> _What you should do_
In the entries below, find the line with "Dom ktorý Vás nadchne" and the line with "Sveti Sveta •". Reproduce those two lines and every line between them exactly, and nothing more.

-.-.-

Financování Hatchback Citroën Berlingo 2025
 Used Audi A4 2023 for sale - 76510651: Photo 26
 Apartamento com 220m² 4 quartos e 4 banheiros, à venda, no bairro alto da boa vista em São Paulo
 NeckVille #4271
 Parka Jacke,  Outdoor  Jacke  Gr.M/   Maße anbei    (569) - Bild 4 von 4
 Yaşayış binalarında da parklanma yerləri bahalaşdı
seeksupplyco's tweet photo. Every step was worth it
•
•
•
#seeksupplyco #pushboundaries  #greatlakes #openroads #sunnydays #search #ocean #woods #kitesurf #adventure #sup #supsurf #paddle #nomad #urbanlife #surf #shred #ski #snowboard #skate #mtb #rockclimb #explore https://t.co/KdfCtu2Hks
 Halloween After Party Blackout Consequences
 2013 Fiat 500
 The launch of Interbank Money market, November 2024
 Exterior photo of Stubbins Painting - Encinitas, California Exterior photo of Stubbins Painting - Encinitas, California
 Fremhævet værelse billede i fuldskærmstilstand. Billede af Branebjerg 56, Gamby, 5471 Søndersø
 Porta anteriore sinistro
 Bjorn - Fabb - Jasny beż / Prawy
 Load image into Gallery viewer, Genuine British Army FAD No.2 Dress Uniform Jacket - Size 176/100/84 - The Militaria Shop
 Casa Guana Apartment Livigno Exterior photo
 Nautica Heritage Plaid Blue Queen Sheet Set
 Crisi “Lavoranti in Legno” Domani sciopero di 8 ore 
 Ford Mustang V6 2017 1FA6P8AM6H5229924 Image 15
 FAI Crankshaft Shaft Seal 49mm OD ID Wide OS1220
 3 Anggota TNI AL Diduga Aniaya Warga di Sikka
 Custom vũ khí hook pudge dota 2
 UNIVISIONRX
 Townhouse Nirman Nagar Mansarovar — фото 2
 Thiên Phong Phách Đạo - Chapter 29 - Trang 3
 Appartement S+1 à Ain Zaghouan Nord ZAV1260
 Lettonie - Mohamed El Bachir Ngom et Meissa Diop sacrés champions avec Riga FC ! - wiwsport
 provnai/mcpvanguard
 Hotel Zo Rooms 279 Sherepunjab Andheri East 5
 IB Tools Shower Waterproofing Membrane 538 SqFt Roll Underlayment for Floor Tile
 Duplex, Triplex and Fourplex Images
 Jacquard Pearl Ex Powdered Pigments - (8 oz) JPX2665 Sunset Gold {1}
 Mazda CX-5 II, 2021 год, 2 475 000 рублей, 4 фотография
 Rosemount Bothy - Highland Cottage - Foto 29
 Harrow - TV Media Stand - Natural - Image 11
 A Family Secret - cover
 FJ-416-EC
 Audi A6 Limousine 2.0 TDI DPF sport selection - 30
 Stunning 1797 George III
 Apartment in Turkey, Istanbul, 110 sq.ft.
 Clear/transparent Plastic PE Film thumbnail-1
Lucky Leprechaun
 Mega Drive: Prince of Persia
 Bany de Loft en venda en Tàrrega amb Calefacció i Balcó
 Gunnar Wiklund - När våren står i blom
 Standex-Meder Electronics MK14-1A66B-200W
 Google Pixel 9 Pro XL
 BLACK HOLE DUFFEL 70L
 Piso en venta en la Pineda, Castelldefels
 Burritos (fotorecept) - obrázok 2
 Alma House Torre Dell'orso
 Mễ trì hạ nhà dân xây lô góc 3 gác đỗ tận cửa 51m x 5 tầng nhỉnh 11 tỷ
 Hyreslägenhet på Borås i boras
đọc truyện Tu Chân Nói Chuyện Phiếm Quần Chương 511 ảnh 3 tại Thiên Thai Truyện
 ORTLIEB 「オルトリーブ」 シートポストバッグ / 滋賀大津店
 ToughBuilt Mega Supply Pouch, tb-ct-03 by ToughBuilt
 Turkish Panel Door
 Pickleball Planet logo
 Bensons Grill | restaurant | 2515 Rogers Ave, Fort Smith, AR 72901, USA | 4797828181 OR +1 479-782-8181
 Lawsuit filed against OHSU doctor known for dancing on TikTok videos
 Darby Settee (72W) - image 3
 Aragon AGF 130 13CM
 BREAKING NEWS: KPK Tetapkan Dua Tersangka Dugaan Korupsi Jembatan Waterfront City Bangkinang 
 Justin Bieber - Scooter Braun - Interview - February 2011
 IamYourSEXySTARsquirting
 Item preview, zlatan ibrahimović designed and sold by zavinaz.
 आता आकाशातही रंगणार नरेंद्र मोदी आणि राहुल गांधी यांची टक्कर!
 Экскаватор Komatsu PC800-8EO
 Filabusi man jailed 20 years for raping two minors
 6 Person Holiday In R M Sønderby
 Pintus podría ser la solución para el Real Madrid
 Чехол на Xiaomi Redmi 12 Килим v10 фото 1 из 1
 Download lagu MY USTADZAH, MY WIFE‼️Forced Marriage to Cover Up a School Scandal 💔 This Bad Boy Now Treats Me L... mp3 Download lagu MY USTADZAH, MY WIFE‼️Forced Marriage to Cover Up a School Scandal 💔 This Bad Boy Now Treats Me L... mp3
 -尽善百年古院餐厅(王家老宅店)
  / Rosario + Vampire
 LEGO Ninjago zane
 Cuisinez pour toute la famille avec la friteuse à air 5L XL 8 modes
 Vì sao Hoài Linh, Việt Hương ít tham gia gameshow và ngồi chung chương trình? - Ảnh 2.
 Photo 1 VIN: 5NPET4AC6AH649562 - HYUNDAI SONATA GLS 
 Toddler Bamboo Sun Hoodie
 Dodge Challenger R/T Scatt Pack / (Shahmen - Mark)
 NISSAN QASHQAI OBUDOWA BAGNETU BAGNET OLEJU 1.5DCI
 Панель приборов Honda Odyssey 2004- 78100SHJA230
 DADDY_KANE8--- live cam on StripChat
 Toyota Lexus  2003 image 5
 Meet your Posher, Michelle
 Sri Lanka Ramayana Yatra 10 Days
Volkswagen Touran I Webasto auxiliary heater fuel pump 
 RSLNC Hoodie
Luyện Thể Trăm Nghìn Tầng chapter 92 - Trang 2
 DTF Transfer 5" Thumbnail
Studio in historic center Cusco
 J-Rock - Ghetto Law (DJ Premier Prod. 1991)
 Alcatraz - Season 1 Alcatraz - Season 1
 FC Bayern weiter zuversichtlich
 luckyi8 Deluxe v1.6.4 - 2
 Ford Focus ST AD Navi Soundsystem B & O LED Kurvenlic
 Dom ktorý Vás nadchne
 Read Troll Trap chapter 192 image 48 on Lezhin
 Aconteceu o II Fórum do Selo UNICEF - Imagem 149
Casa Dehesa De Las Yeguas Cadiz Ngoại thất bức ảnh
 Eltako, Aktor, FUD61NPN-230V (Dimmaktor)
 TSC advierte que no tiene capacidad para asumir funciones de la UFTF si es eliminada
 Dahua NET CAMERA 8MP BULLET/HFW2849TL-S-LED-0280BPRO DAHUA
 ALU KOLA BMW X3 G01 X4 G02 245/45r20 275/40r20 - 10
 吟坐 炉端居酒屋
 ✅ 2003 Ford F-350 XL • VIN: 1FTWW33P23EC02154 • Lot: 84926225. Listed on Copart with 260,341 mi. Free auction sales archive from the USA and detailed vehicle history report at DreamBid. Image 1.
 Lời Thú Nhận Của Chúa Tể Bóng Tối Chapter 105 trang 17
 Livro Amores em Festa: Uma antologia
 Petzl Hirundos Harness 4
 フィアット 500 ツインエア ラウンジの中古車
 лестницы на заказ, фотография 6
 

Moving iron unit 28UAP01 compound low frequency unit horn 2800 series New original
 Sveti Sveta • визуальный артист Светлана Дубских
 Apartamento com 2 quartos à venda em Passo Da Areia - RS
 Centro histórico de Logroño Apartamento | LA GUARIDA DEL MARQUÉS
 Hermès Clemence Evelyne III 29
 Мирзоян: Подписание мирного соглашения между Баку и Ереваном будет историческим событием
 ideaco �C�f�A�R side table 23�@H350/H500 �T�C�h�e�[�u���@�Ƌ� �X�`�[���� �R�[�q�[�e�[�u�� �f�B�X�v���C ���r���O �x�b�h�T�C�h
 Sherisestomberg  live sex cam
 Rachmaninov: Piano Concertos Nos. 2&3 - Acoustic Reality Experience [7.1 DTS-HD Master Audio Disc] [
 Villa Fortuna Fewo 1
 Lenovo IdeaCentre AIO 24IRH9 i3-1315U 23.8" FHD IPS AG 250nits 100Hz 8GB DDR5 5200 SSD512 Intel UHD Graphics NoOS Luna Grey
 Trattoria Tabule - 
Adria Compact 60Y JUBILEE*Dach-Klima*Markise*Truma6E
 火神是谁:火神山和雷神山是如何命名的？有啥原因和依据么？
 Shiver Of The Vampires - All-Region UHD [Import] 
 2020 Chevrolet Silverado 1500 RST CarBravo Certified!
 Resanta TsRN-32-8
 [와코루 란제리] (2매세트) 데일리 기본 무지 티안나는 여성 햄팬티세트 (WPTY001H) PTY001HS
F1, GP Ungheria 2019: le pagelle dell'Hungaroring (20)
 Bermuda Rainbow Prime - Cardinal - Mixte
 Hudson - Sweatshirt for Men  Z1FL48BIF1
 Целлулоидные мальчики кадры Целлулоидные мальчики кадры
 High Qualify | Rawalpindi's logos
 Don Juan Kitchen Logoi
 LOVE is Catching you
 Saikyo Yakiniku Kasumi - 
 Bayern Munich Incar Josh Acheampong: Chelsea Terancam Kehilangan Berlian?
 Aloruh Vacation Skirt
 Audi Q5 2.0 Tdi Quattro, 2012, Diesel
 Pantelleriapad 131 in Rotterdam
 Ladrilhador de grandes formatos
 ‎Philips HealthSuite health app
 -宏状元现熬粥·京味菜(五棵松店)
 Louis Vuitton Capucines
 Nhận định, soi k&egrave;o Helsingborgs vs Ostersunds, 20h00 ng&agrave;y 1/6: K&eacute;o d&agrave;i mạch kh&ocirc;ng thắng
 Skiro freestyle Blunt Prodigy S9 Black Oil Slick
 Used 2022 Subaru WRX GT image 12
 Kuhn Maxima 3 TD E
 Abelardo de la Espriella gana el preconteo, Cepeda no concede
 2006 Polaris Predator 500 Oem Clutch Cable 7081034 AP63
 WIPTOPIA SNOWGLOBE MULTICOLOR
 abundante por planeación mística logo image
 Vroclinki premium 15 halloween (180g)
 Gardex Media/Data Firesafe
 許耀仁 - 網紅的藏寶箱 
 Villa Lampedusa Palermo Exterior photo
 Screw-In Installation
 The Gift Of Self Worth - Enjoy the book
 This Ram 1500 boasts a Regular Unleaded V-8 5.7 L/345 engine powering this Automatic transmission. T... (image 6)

-.-.-

> _Reply_
 Dom ktorý Vás nadchne
 Read Troll Trap chapter 192 image 48 on Lezhin
 Aconteceu o II Fórum do Selo UNICEF - Imagem 149
Casa Dehesa De Las Yeguas Cadiz Ngoại thất bức ảnh
 Eltako, Aktor, FUD61NPN-230V (Dimmaktor)
 TSC advierte que no tiene capacidad para asumir funciones de la UFTF si es eliminada
 Dahua NET CAMERA 8MP BULLET/HFW2849TL-S-LED-0280BPRO DAHUA
 ALU KOLA BMW X3 G01 X4 G02 245/45r20 275/40r20 - 10
 吟坐 炉端居酒屋
 ✅ 2003 Ford F-350 XL • VIN: 1FTWW33P23EC02154 • Lot: 84926225. Listed on Copart with 260,341 mi. Free auction sales archive from the USA and detailed vehicle history report at DreamBid. Image 1.
 Lời Thú Nhận Của Chúa Tể Bóng Tối Chapter 105 trang 17
 Livro Amores em Festa: Uma antologia
 Petzl Hirundos Harness 4
 フィアット 500 ツインエア ラウンジの中古車
 лестницы на заказ, фотография 6
 

Moving iron unit 28UAP01 compound low frequency unit horn 2800 series New original
 Sveti Sveta • визуальный артист Светлана Дубских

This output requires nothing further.